→ **EXERCISE GOAL**
Retype the line with "Кран шаровой прямой" exactly. Then retype every line after it through the end of the entries below, and nothing more, leaving out pictures.
• • • •
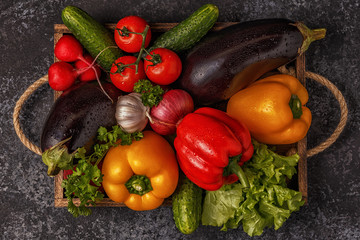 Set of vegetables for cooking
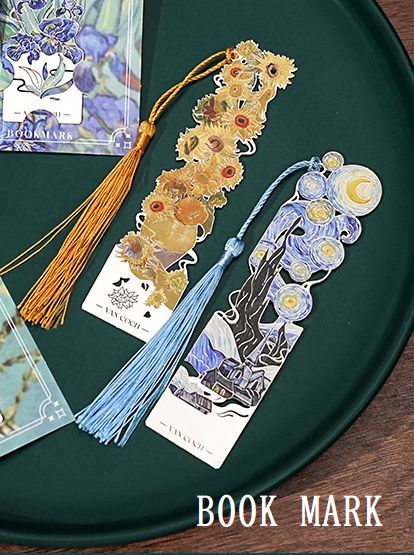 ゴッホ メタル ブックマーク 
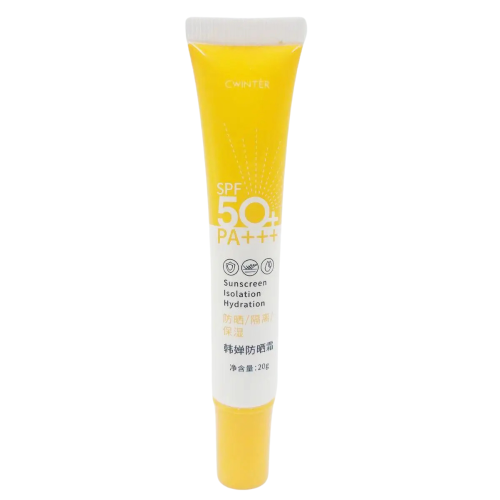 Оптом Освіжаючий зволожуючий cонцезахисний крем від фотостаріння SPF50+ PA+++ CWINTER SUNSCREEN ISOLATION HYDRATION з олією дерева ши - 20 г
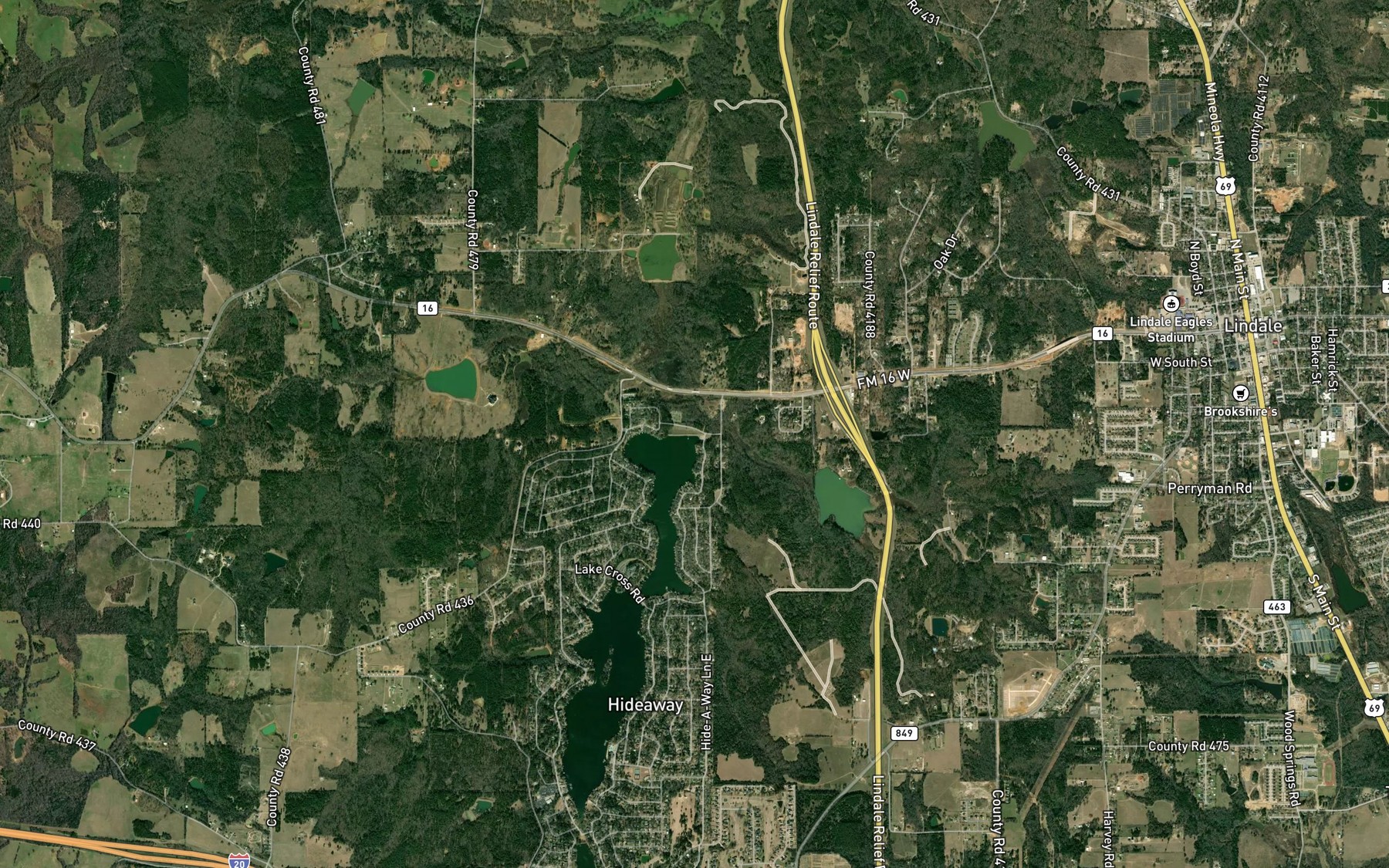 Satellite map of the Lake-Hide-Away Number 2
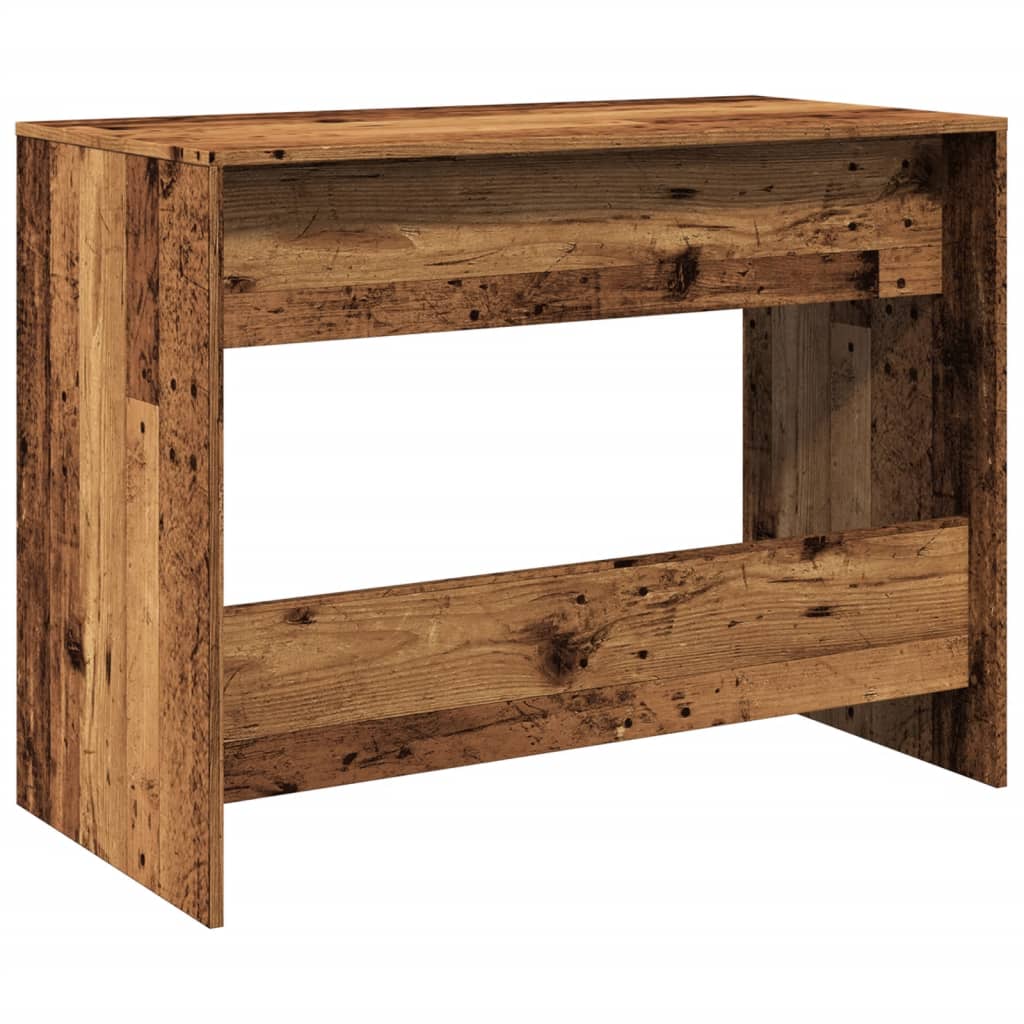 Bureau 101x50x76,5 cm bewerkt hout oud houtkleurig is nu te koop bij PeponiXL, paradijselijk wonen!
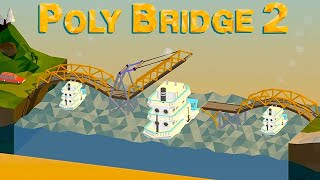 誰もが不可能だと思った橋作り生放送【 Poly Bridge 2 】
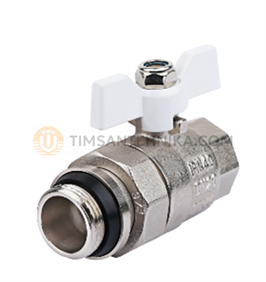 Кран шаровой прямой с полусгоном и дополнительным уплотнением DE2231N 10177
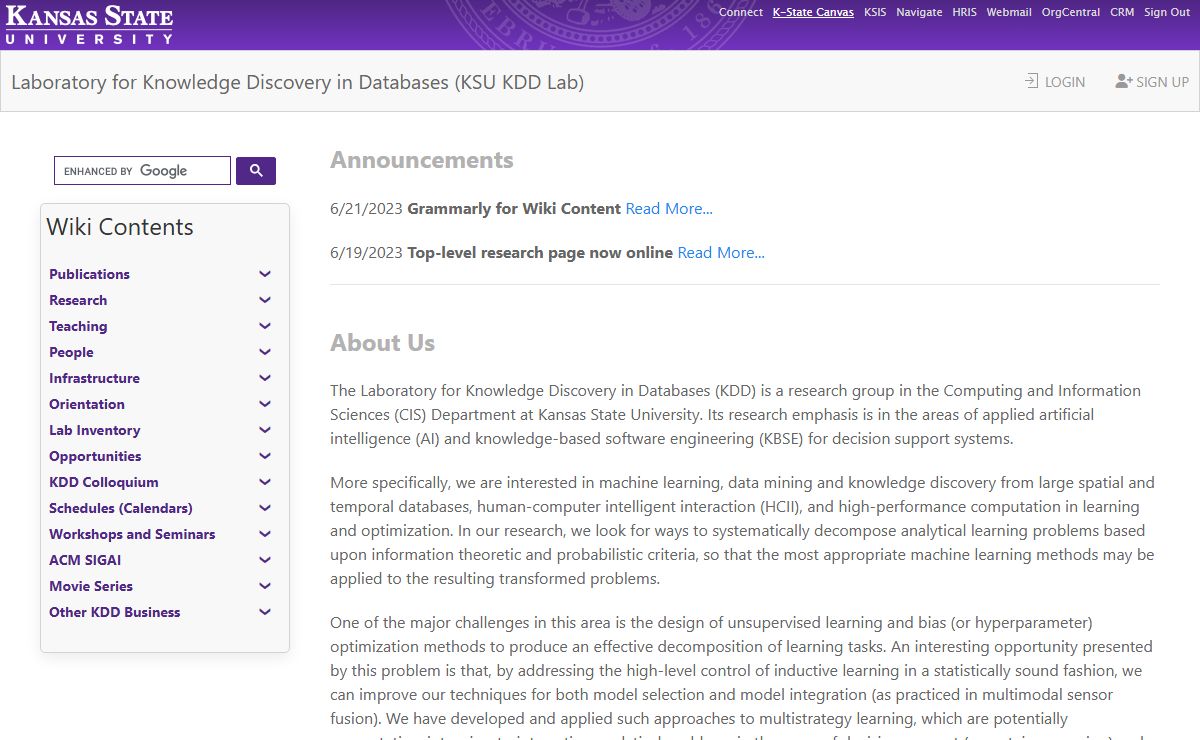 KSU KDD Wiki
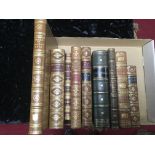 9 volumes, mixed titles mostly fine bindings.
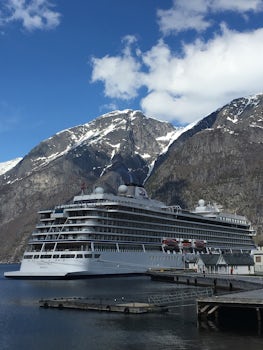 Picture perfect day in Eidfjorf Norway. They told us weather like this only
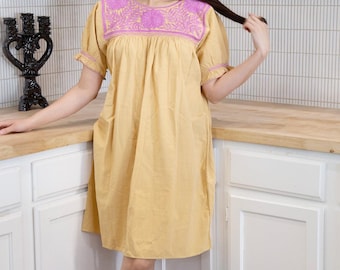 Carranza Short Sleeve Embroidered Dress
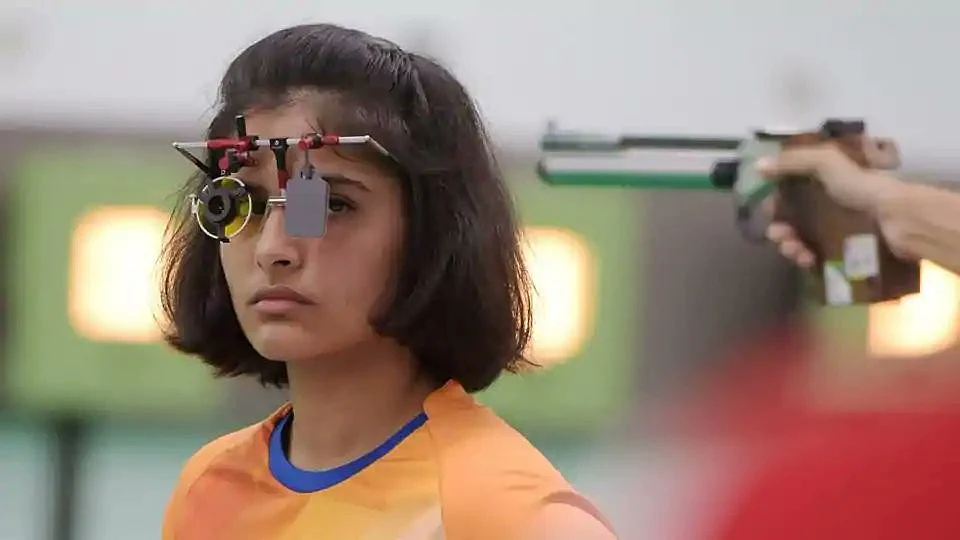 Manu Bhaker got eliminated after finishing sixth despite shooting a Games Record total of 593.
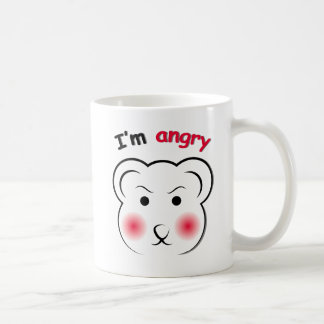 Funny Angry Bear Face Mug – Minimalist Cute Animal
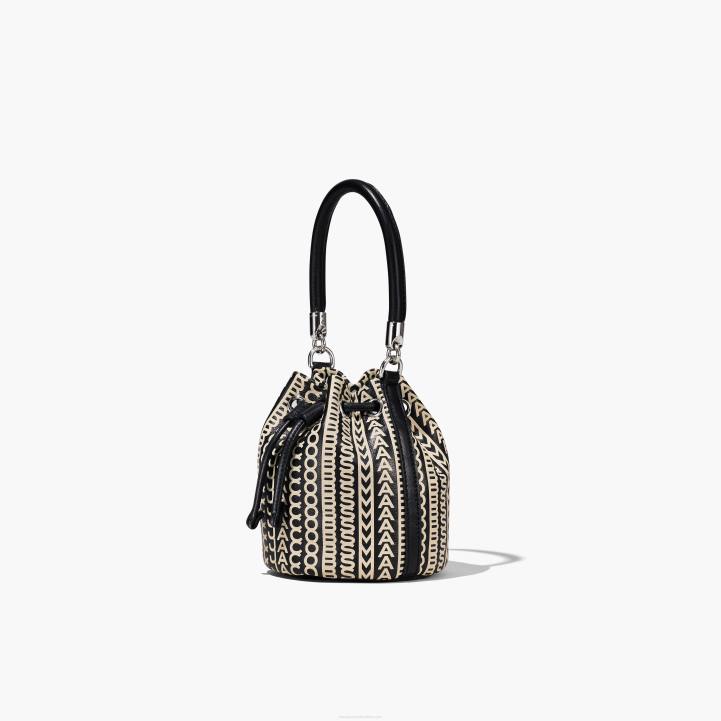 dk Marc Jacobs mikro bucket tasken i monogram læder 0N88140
• • • •
→ **RESPONSE BOX**
 Кран шаровой прямой с полусгоном и дополнительным уплотнением DE2231N 10177
 KSU KDD Wiki
 9 volumes, mixed titles mostly fine bindings.
 Picture perfect day in Eidfjorf Norway. They told us weather like this only
 Carranza Short Sleeve Embroidered Dress
 Manu Bhaker got eliminated after finishing sixth despite shooting a Games Record total of 593.
 Funny Angry Bear Face Mug – Minimalist Cute Animal
 dk Marc Jacobs mikro bucket tasken i monogram læder 0N88140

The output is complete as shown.